**Extracted records**
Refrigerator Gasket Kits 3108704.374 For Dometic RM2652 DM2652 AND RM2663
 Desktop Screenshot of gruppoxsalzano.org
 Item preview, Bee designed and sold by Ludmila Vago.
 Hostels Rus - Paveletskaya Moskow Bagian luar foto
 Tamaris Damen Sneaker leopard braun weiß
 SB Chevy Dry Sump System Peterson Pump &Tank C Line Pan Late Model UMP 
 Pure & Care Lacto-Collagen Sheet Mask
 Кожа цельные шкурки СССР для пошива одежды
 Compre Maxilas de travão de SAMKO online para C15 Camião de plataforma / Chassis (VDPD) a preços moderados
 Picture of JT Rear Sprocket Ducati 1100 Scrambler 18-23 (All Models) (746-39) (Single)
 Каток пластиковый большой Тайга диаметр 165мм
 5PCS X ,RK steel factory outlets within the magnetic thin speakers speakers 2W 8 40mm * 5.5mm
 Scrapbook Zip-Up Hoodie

**Exercise prompt**
Starting at the line that contains "5PCS X ,RK steel", write out every line through the end of the entries, exactly and with nothing added.

**Answer for this exercise**
 5PCS X ,RK steel factory outlets within the magnetic thin speakers speakers 2W 8 40mm * 5.5mm
 Scrapbook Zip-Up Hoodie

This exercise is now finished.